10-Punkte-Plan gegen Umgehungen Habeck nimmt Sanktions-Schummler ins Visier
23.02.2023, 00:01 UhrMit Sanktionspaketen will die EU Putins Kriegsindustrie schwächen. Doch offenbar landen viele geächtete Produkte über Umwege doch in Russland. Wirtschaftsminister Habeck plant jetzt härtere Gegenmaßnahmen.
Bundeswirtschaftsminister Robert Habeck von den Grünen will die Umgehung von Sanktionen gegen Russland stärker als bislang bekämpfen. Das geht aus einem 10-Punkte-Papier seines Ministeriums hervor, das RTL/ntv exklusiv vorab vorliegt. In dem Papier heißt es, Außenhandelsdaten deuteten darauf hin, dass EU-sanktionierte Güter "in erheblichem Maß" aus der EU und damit auch aus Deutschland in bestimmte Drittländer ausgeführt und von dort nach Russland weiter exportiert würden. "Diesen Umgehungsaktivitäten müssen wir uns gemeinsam effektiver als bislang entgegenstellen, auf nationaler Ebene und auf Ebene der EU", so das Habeck-Ministerium. Man werde sich in Abstimmung mit den anderen Ressorts der Bundesregierung dafür einsetzen, dass darauf der Fokus eines elften Sanktionspakets der Europäischen Union liege.
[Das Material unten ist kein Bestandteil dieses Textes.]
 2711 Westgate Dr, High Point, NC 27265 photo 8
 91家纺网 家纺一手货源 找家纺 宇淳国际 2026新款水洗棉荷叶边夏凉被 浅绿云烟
Zuletzt hatte es immer mehr Berichte darüber gegeben, dass sanktionierte Produkte aus der EU vermehrt in Drittstaaten exportiert werden und von dort nach Russland gelangen. Darunter sind Fahrzeuge, Schlüsseltechnologien wie Halbleiter oder andere für Militärtechnik wichtige Güter. Es gibt sogar Hinweise auf den gehäuften Export von Kühlschränken und Waschmaschinen, in denen Computerchips verbaut sind, die für Russland wichtig sein können.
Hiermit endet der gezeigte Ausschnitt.